Le monde au temps des surrealistes, 1929
Tuesday, January 21, 2014 at 8:04AM
stephanie in art, culture, maps

Variétés - Le Surréalisme en 1929 Print, Illustrated book, photomechanical reproduction, letterpress 25.2 h x 17.8 w cm National Gallery of Australia

'Le monde au temps des surrealistes', published by Breton in 1929 to show the parts of the world important to the surrealists: the places, named by country, tend to be those with aboriginal art, the operative word being original.  Thus Europe, the United States, sites of a kind of universal western culture and product, do not figure.  

Jean Claire, in an essay on surrealist anti-materialism and non-western art, mentions the universalising tendencies in Europe at the time: the rise of Hitler's Volk, the appeal to Italian nationalism.  Politically the surrealists worked against synthesis, coordination, cultural coherence; masks and arcane rituals appealed precisely because they didn't understand them — they couldn't be appropriated by bourgeois culture.  

This is an 80-year old anti-globalisation map.  It is also the opposite of anthropology that seeks to understand the non-Western world.  The surrealists did not want to understand other cultures, it was important that there were other cultures. Can that be said, eighty years on?  As a child, David Bailey had read about Nagaland – a very obscure part of India on the Burmese border, and had always wanted to go there.  He went, eventually, in 2012 and found kids with iPhones and jeans and the elders living a thousand-year old life in their heads: when they go, it will go too.

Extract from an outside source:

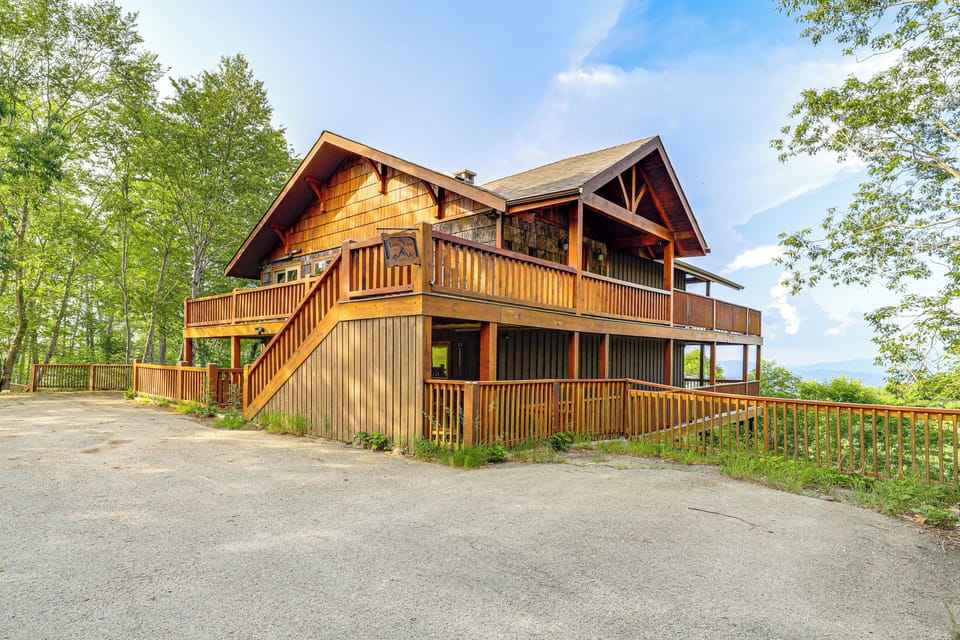 Beech Mountain Vacation Rental | 4BR | 3.5BA | 3,000 Sq Ft | Steps to Access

Look up Naga people on wikipedia, one finds a struggle for statehood, a desire for autonomy, the predictable results of colonisation – that insistence that all peoples come under some central authority that they then have to spend much blood and many years to undo.  The surrealist map of the world isn't an exercise in sentimental preservation of innocent cultures, rather it can be seen as a map of the post-WWI periphery.  The south consists of islands and archipelagoes: a metaphor, contradictory, for the surrealist movement itself.